● The task
Print out each entry below exactly; do not carry over any image.

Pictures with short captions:

== Segment start ==

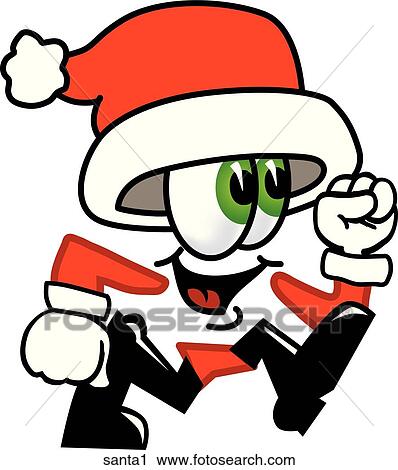 Clip Art - Santa Running. Fotosearch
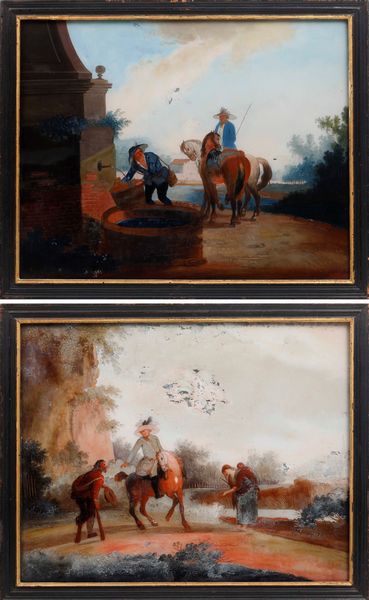 Scuola veneta del XVIII secolo Paesaggi con contadini e viandanti  - Asta Dipinti Antichi - Associazione Nazionale - Case d'Asta italiane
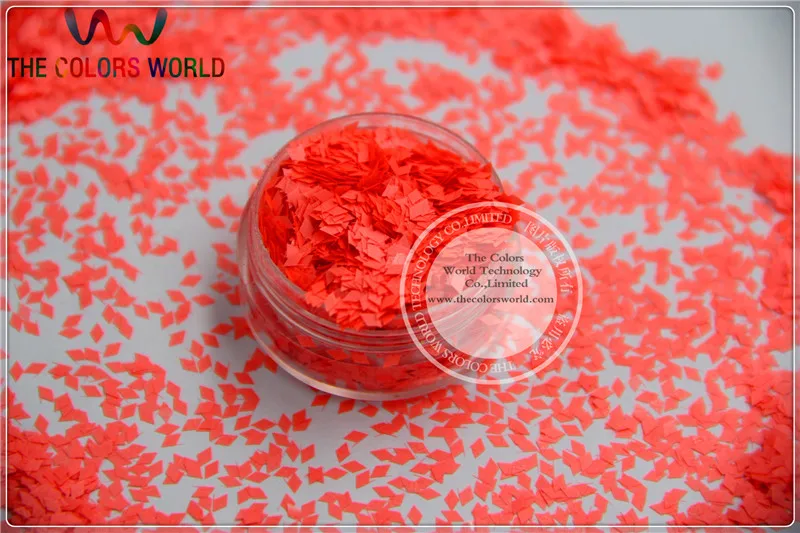 DN-8  Resistant  Neon Pink Red Color Diamond Shape Glitter  for Nail Polish and DIY decoration 1Pack =50g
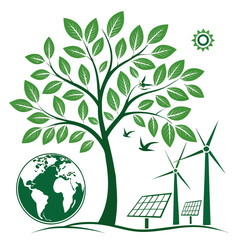 Green tree with earth solar panels and wind turbines on white background globe leaves © japan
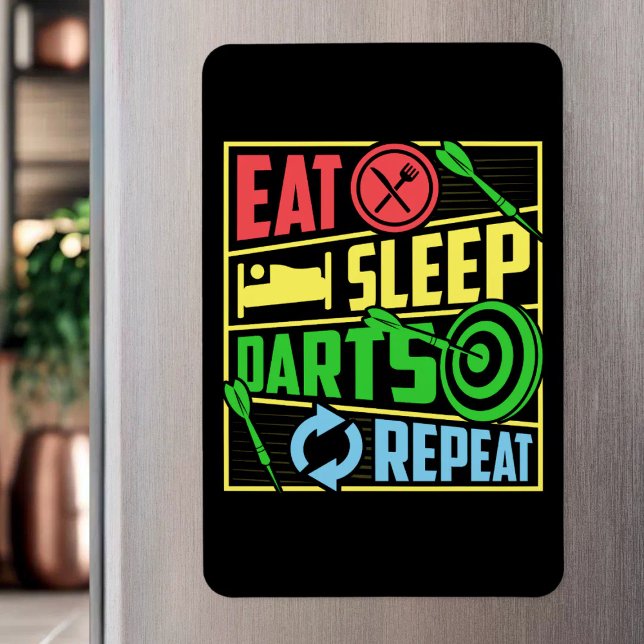 Eat Sleep Darts Repeat - Funny Dart Fan Magnet (Creator Uploaded)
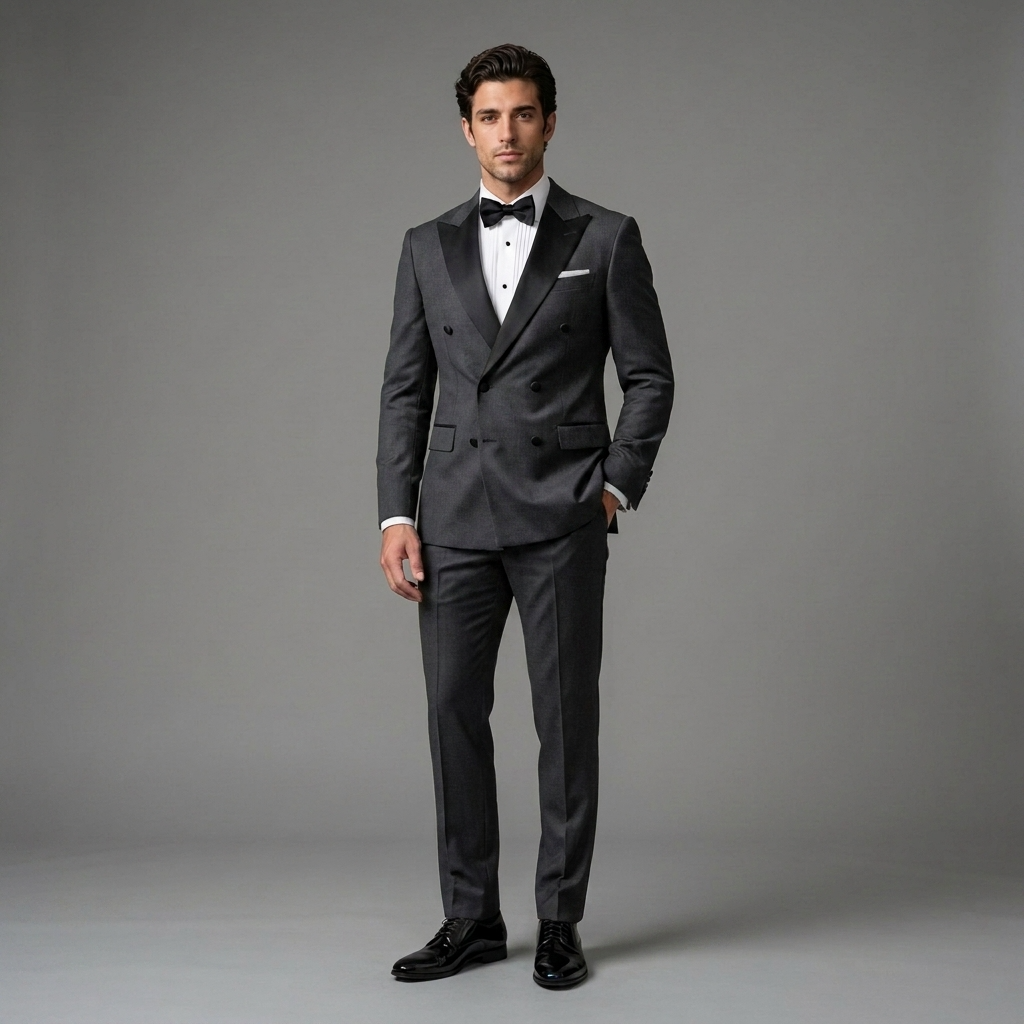 Custom Charcoal Grey Double-Breasted Tuxedo Jacket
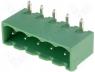 TBG-5-KW-5P-GN - Pluggable terminal block socket male angled 5.08mm THT 15A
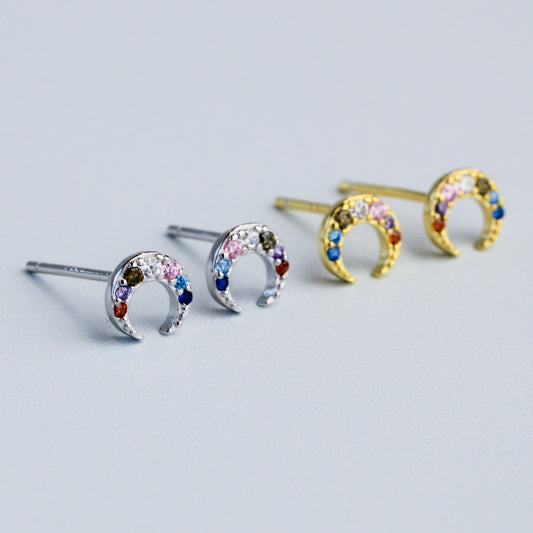 Colourful Crystal Crescent Moon Stud Earrings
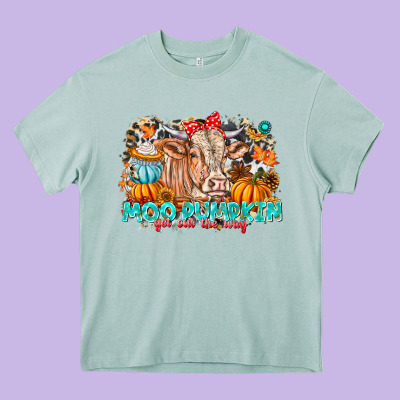 Moo Pumpkin Get Out The Way Heavy Core Tee Designed By Cowhidedigitalart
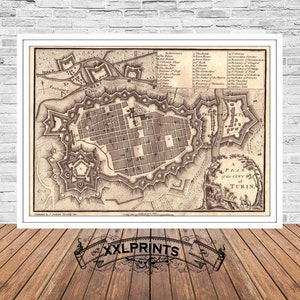 Mapa antiguo de Turín, 1800, plano de la ciudad de Turín, reproducción fina, mapa grande, impresión de bellas artes, decoración antigua, impresión de mapa de gran tamaño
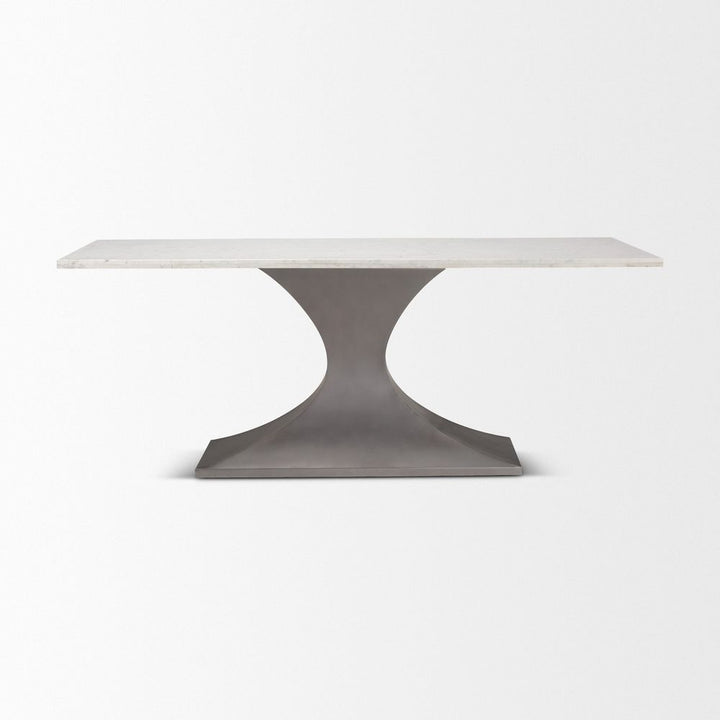 Maximus White Marble | Gunmetal Dining Table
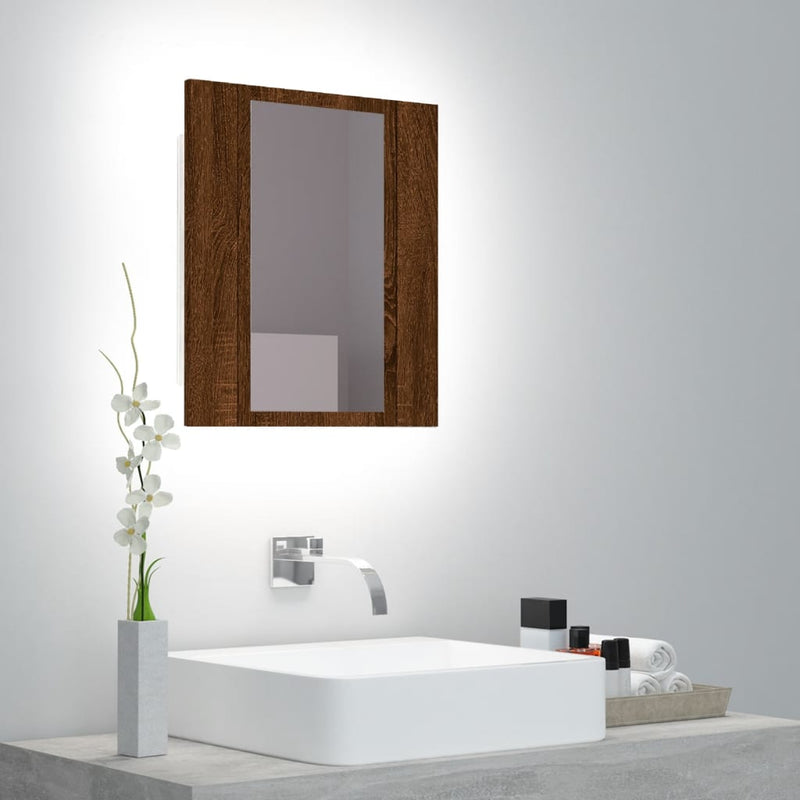 vidaXL barna tölgy szerelt fa tükrös szekrény LED-del 40 x 12 x 45 cm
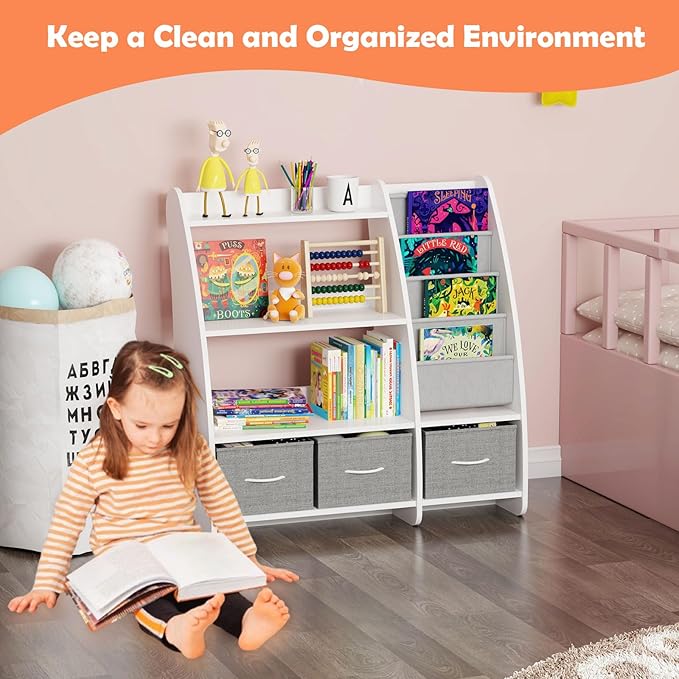 HedoAjim White Kids Bookshelf Wood Toy Storage Organizer Cabinet Children Bookcase Toddler Baby Sling Book Rack 3 Cube Bins Sail Boat Arc Shape for Playroom Bedroom Nursery Classroom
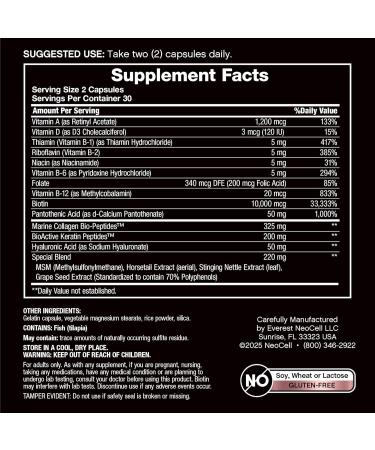 NeoCell Biotin Collagen Keratin Supplement | 80000mcg | 60 Capsules | Beauty B-Complex | Plus Hyaluronic Acid | Hair Skin and Nails - Buy Online on GoSupps.com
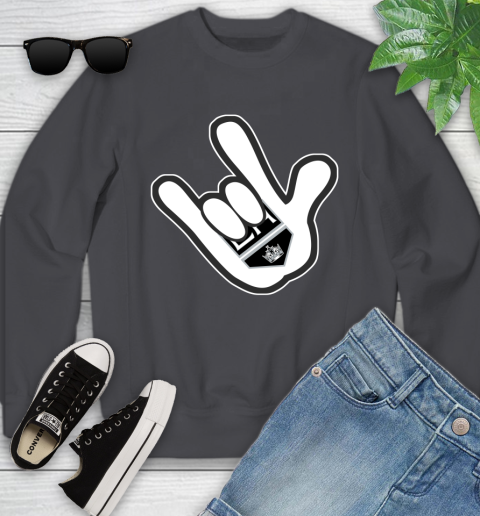 Los Angeles Kings NHL Hockey Mickey Rock Hand Disney Youth Sweatshirt 6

== Segment end ==

● Reply to the task
 Clip Art - Santa Running. Fotosearch
 Scuola veneta del XVIII secolo Paesaggi con contadini e viandanti  - Asta Dipinti Antichi - Associazione Nazionale - Case d'Asta italiane
 DN-8  Resistant  Neon Pink Red Color Diamond Shape Glitter  for Nail Polish and DIY decoration 1Pack =50g
 Green tree with earth solar panels and wind turbines on white background globe leaves © japan
 Eat Sleep Darts Repeat - Funny Dart Fan Magnet (Creator Uploaded)
 Custom Charcoal Grey Double-Breasted Tuxedo Jacket
 TBG-5-KW-5P-GN - Pluggable terminal block socket male angled 5.08mm THT 15A
 Colourful Crystal Crescent Moon Stud Earrings
 Moo Pumpkin Get Out The Way Heavy Core Tee Designed By Cowhidedigitalart
 Mapa antiguo de Turín, 1800, plano de la ciudad de Turín, reproducción fina, mapa grande, impresión de bellas artes, decoración antigua, impresión de mapa de gran tamaño
 Maximus White Marble | Gunmetal Dining Table
 vidaXL barna tölgy szerelt fa tükrös szekrény LED-del 40 x 12 x 45 cm
 HedoAjim White Kids Bookshelf Wood Toy Storage Organizer Cabinet Children Bookcase Toddler Baby Sling Book Rack 3 Cube Bins Sail Boat Arc Shape for Playroom Bedroom Nursery Classroom
 NeoCell Biotin Collagen Keratin Supplement | 80000mcg | 60 Capsules | Beauty B-Complex | Plus Hyaluronic Acid | Hair Skin and Nails - Buy Online on GoSupps.com
 Los Angeles Kings NHL Hockey Mickey Rock Hand Disney Youth Sweatshirt 6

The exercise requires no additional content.